Der Landestheater-Vorplatz in Innsbruck war heute ein Ort der Jubel und Feierlichkeiten, als die „Lotterien Medaillenfeier“ des Olympic Team Austria und des Österreichischen Olympischen Komitees (ÖOC) stattfand. Anlässlich der Olympischen Winterspiele in Mailand Cortina 2026 wurden die herausragenden Leistungen der österreichischen Wintersportler gewürdigt, die insgesamt 18 Medaillen errungen haben – darunter 5 Gold, 8 Silber und 5 Bronze. Kleine Zeitung berichtet, dass der Vorplatz bei der Veranstaltung gut gefüllt war.

Durch den Abend führten die ORF-Moderatoren Lukas Schweighofer und Karina Toth, die das Publikum mit viel Energie durch das Programm lotsten. Höhepunkt des Abends war der Auftritt des 19-jährigen Künstlers Cosmó, der mit seiner Elektro-Tanznummer „Tanzschein“ die Zuschauer begeisterte. Der junge Musiker steht zudem in den Startlöchern, um Österreich beim Eurovision Song Contest in Wien zu vertreten.

Medaillen und Ehrungen

Im Rahmen der Feier erhielten die Medaillengewinner von den Organisatoren Philharmoniker-Goldmünzen im Wert von 20.000 Euro für Gold, 17.000 Euro für Silber und 14.000 Euro für Bronze. Zusätzlich bekamen alle Medaillengewinner „First Class-Tickets“ für den Formel 1-Grand-Prix in Spielberg, der vom 26. bis 28. Juni stattfinden wird. Unter den Ausgezeichneten waren die Skistars Vincent Kriechmayr und Manuel Feller, die Silber in der Teamkombi gewonnen haben, sowie Fabio Gstrein, der Bronze im Slalom errang. Feller zeigte sich dankbar und kündigte einen „Pärchenausflug“ mit Kriechmayr nach Spielberg an.

Der freudige Freeski/Big Air-Bronzemedaillengewinner Matej Svancer setzte ein persönliches Zeichen, als er seine Feier-Nacht beschrieb und seine Freude über die Auszeichnung zum Ausdruck brachte.

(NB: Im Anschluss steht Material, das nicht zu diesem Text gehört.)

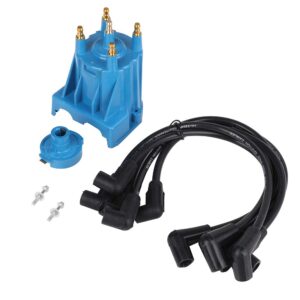 ignition tune up kit with distributor cap and rotor and spark plug wires set replacement for 3.0l 4cyl mercruiser engines made by gm with delco est ignition systems - replace 811635q2, 816761q14
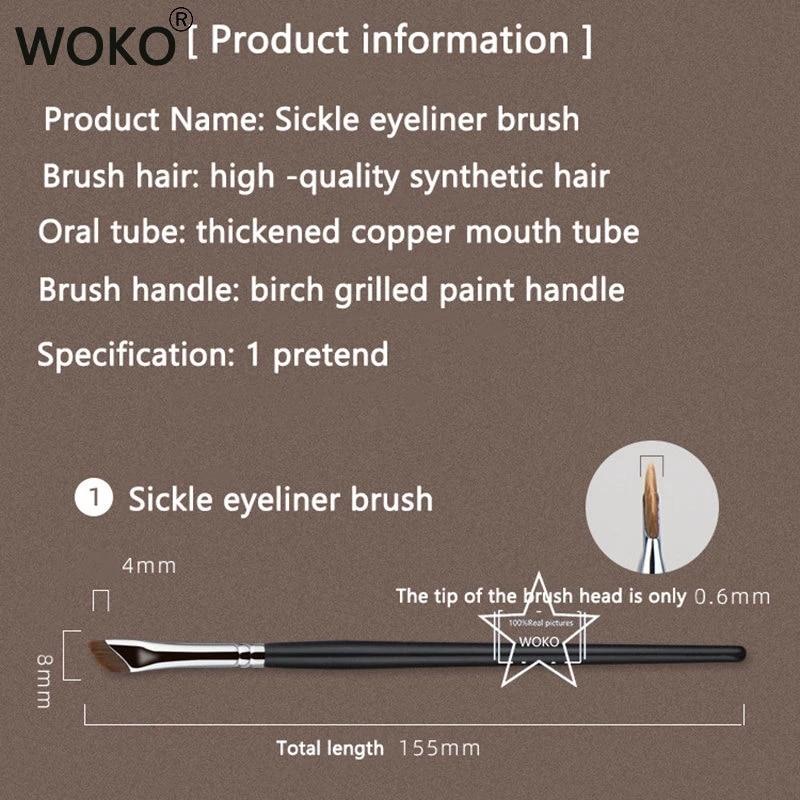 Yeni Orak Eyeliner Fırçası Bıçak Kenar Makyaj Fırçası Likit Eyeliner Fırçası Ultra İnce İnce Eğik Açı Düz Kafa Kaş Fırçası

Snowboard-Olympiasieger Benjamin Karl ließ durchblicken, dass seine Karriereentscheidung „noch in den Sternen“ steht, und er äußerte, dass er sich dem Radfahren widmen möchte. Skeleton-Olympiasiegerin Janine Flock wird ihre Karriere fortsetzen, während Kombinierer Johannes Lamparter ebenfalls große Anerkennung erfuhr.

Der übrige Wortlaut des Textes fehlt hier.